The true “capital” of Tuscan wines, this small town is located between hills covered in vineyards, typical of the Chianti countryside and which also produce the Chianti Montespertoli. Even though this area has been inhabited since Etruscan times, it was in the Middle Ages that the town of Montespertoli began to develop thanks to its position along the Via Volterrana which close by, near to Certaldo, joined the the Via Francigena. Buildings from this period include the splendid Pieve di San Piero in Mercato, where the Museum of Sacred Art can be found today and the picturesque village of Lucardo which still conserves its medieval characteristics.
Montespertoli’s commercial importance meant that the surrounding countryside is dotted with castles such as those of Poppiano, Montegufoni and Sonnino which belonged to famous noble Tuscan families.
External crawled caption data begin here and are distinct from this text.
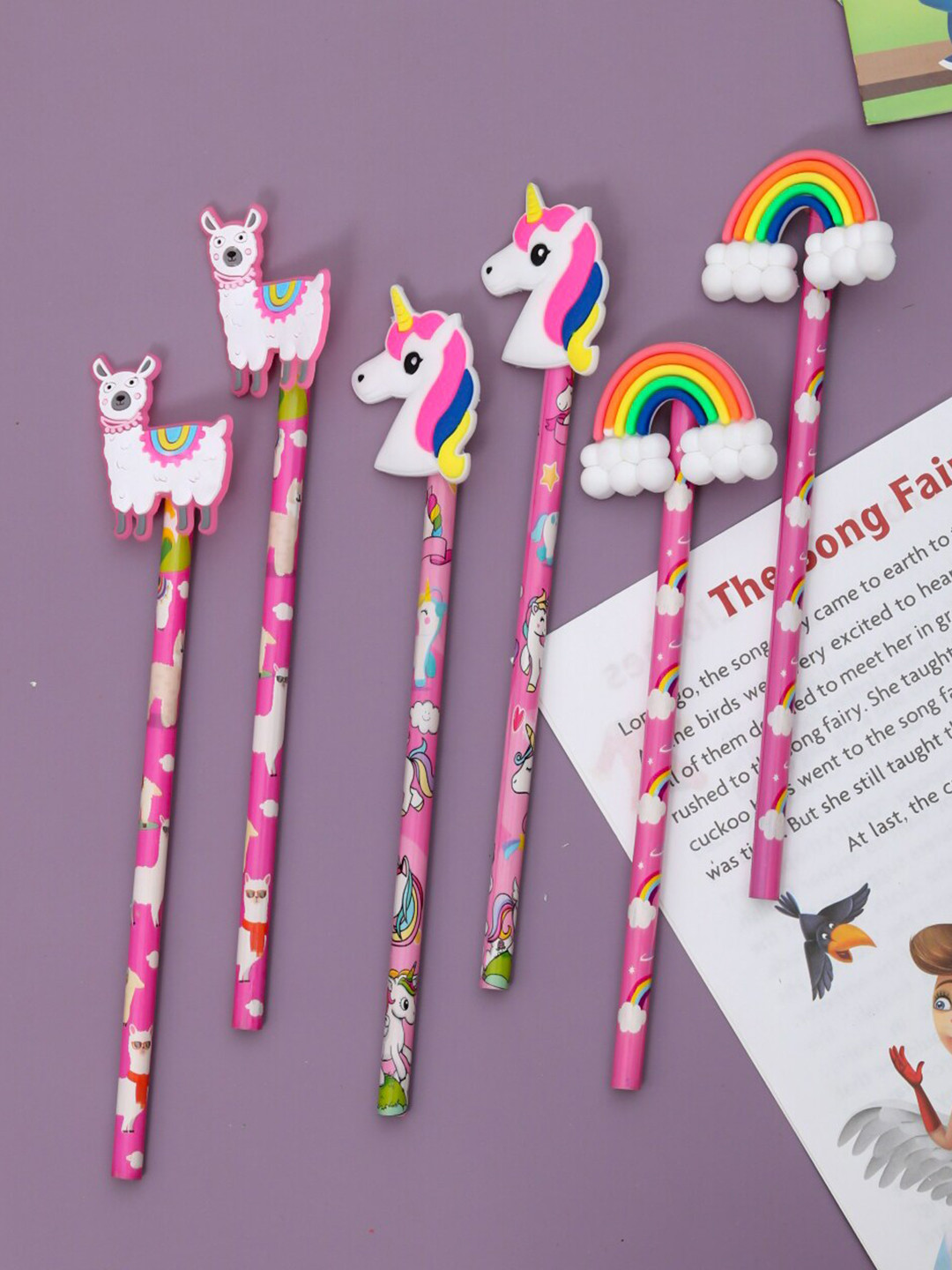 Yellow Bee Kids Set Of 6 Pink & White Unicorn Motifs Printed Pencil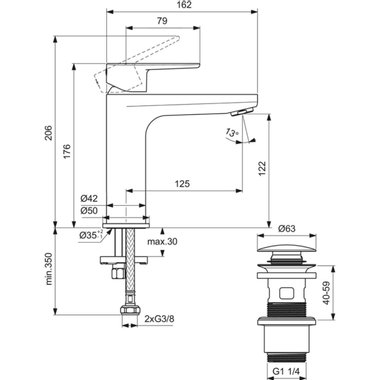 СТОЯЩ СМЕСИТЕЛ CERAFINE SILVER IS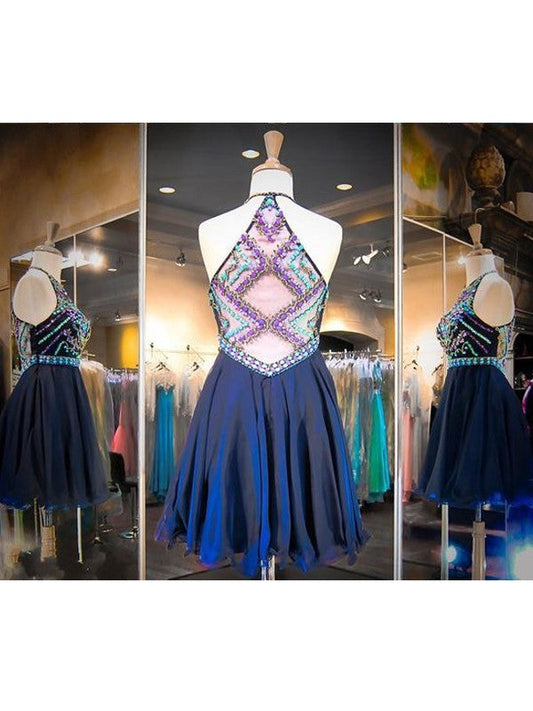 A-Line/Princess Sleeveless Scoop Beading Chiffon Homecoming Dresses Kinsley Short/Mini Dresses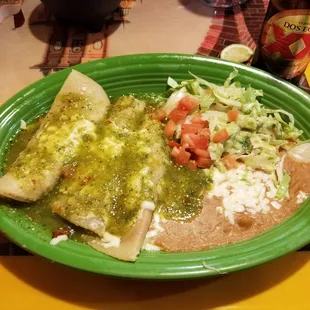 The enchiladas verdae is very good. The sauce is perfect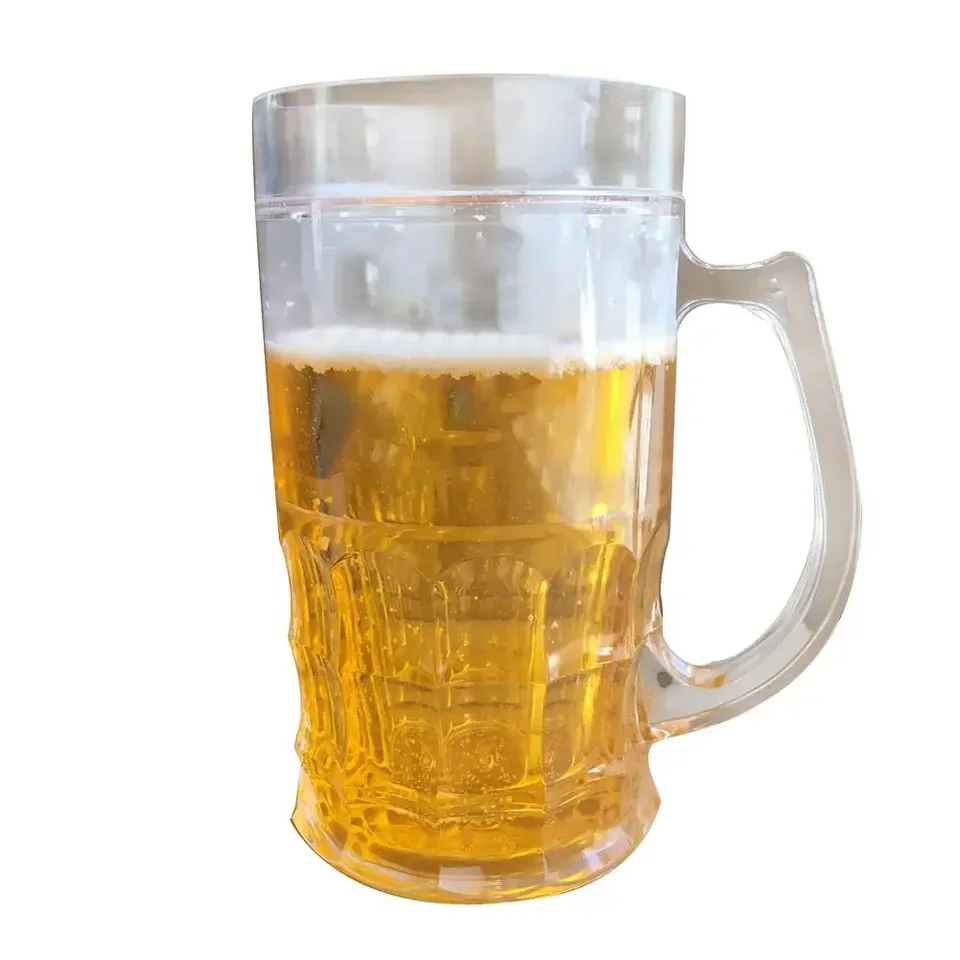 450ml Creative Cool Double Beer Glass Mezzanine Summer Fake Thickened Cup  With Handgrip Transparent Beer Mugs Teasing Supplies - AliExpress 15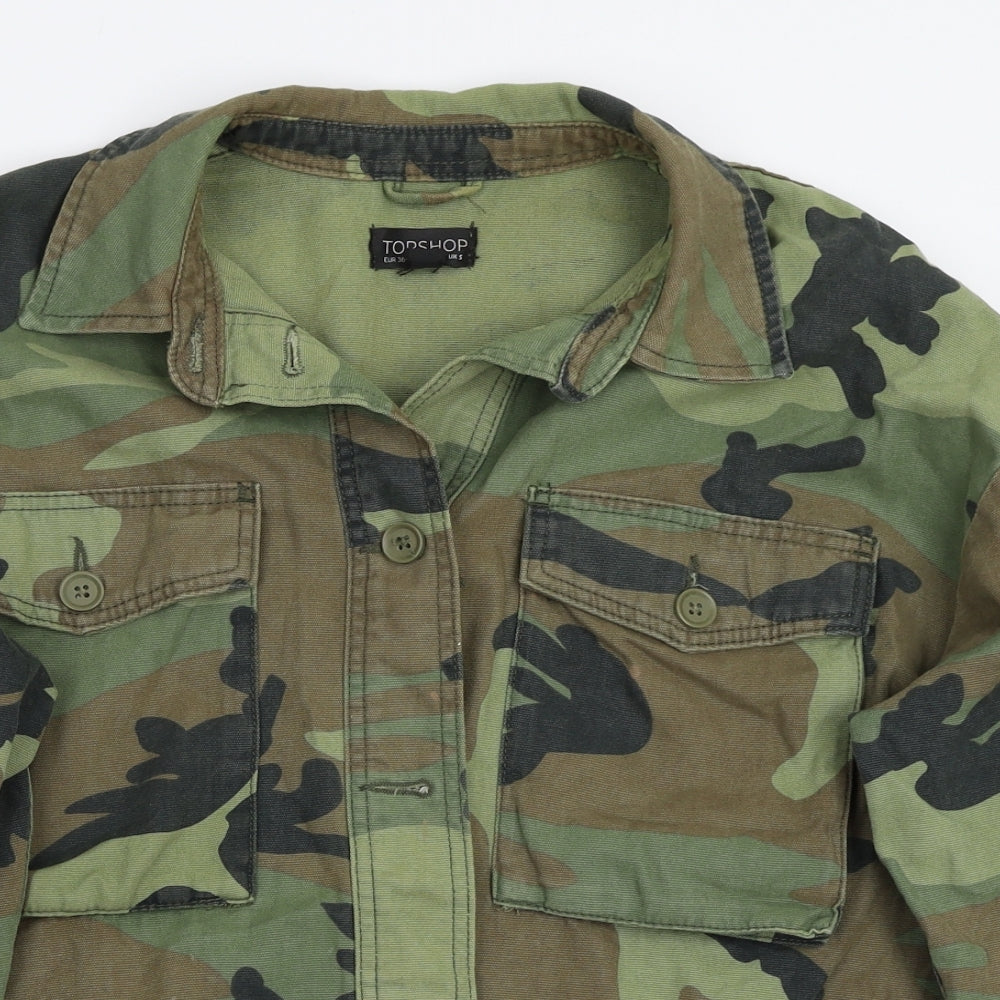 Topshop Womens Green Camouflage  Jacket Coat Size S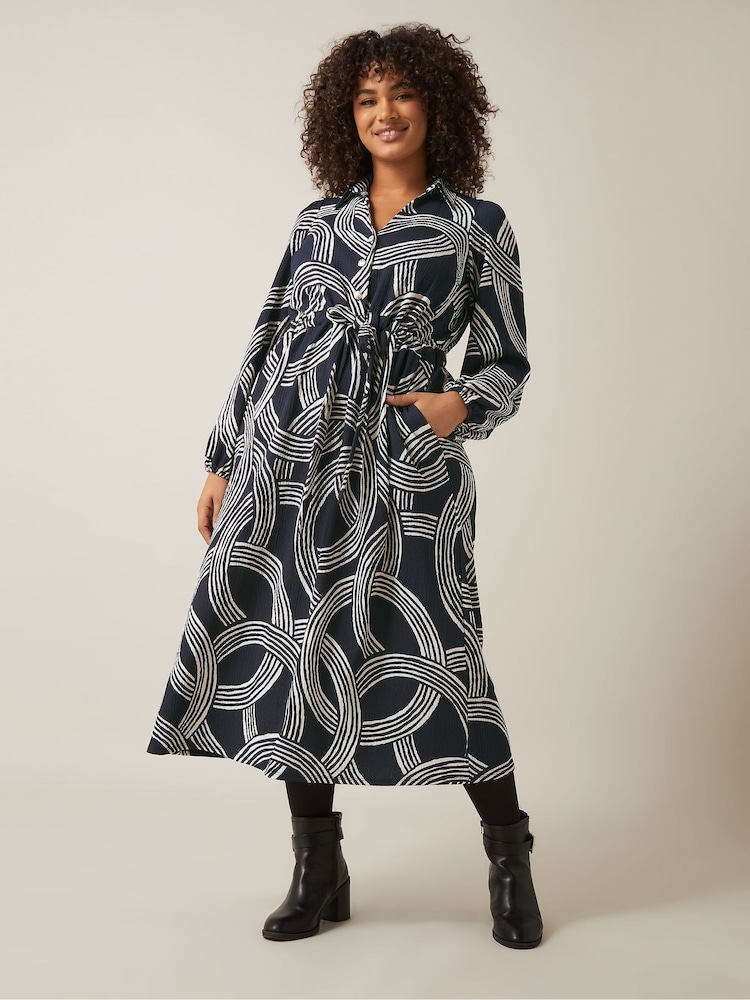 Evans Blue Linear Print Crepe Midaxi Dress - Image 1 of 6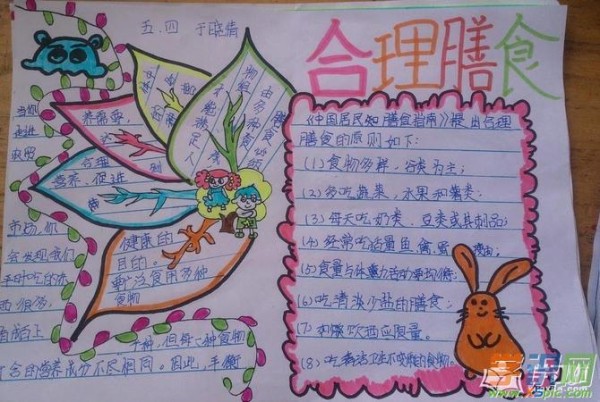 关于健康饮食手抄报素材-合理膳食 健康生活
While in the past, merchants and pilgrims journeyed along these roads in search of riches or sanctity, today tourists can follow the Strada del Vino Chianti Montespertoli by car, by bike or on foot to discover the beautiful countryside and experience the typical flavours of the territory.
A whole Museum is dedicated to Montespertoli’s most famous product, wine. The museum illustrates the different phases of the production process. Every year between May and June the important Mostra del Chianti Montespertoli takes place where visitors can enjoy typical dishes, an event which attracts thousands of food and wine lovers. While exploring the hill top roads which surround this town, between churches and breathtaking views, one comes across the unique Parco Arte nel Chianti where installations of contemporary artists re-examine the relationship between the environment and new languages of expression. In the historic centre of the town, one finds the Amedeo Bassi Musuem, which documents the importance of the famous 20th Century tenor, who was born and raised in the small town of Montespertoli and went on to tread the boards of some of the most famous theatres in the world.